Même avec de nombreux désaccords avec vous, et beaucoup de vos amis politiques, je salue votre courage d’avoir pris la parole. Certes une voix avec ses réussites et échecs. S’approcher d’un micro ou d’une caméra, c’est aussi trop dire, pas assez, ou balancer des conneries. Mais vous avez eu le mérite de l'ouvrir et être allée au combat. Et pas uniquement pour faire entendre votre voix. Celle d’une actrice en promo. Vous avez détourné les micros et les caméras vers les ombres de France et d’ailleurs. Porter la parole des sans accès à la voix publique. Toutes celles et ceux loin de la machine à café où des gens de droite et gens de gauche -souvent sincères- parlent au nom des autres. Parce qu’ils sont plus intéressants que le reste de la population ? Non. Juste nés près de la machine à café des élites. Merci de votre parole pour les privés de parole. Même s’ils ont des ressources. Le verbe n’est pas né avec les caméras et les micros. Ni avec les réseaux sociaux. Les invisibles n’ont pas dit leur dernier mot. Avec ou sans gilet jaune. Les riens n'ont plus rien à perdre. Annulés depuis longtemps. Mais les sans dents ont des crocs sous la peau. Et leur colère à très faim de vraie égalité républicaine.

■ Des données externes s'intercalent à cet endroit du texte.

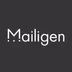 Mailigen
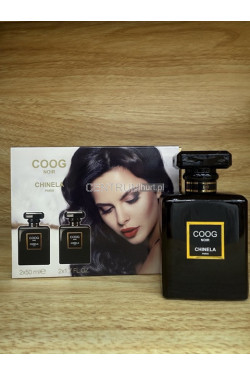 Perfumy (50ml) 8544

Vous aussi ne semblez pas prête à dire votre dernier mot. Pas une femme et actrice cherchant à se réduire au silence. Même si vous quittez la grande lumière du cinéma qui fait rêver tant d'individus. Sortir de la starisation pour les maigres lueurs d’un théâtre. Sans doute dans des créations peu populaires et loin de la machinerie à pouces levés et likes. Cesser d'être une proie dans la lumière pour créer à l'ombre ?
Que dire en conclusion de lettre-billet d'humeur ? Un enfonçage de porte dégondée: au monde du cinéma à changer. Pas à vous. Ni à d’autres actrices. Les choses changent. Grâce à vous et d’autres qui mettent leurs maux en lumière. Certes une évolution lente. Mais impossible à freiner. La famille du septième art commence balayer sur ses tapis rouges. Et faire le ménage en dessous. Beaucoup de poussière sous les tapis rouges. Pas que dans le cinéma. Sous beaucoup d’autres tapis du vieux monde poussiéreux. Et même dans son miroir.
Bonne continuation sur les planches
Dernière digression avant sortie:
Une petite interrogation née de la lecture d’un article paru il y a quelques années. Dans cette interview, vous disiez (je cite de mémoire et peut-être pas les mots exacts.) que les chiottes des bars de Montreuil, votre ville d’enfance, étaient sales. Humour noir ? Sincère souvenir sur un journal papier ? Sourire amusé ou méprisant du ou de la journaliste ? Référence au «Là ou ça sent la merde ça sent l'être. » du grand spécialiste de la fécalité nommé Antonin Artaud ? Je n'en saurais rien. Et en plus peut-être que ma mémoire me fait défaut et que vous n'avez jamais parlé des chiottes des bistrots de Montreuil. Dans ce cas, toutes mes excuses. Et ce qui suit devient en partie de la fiction.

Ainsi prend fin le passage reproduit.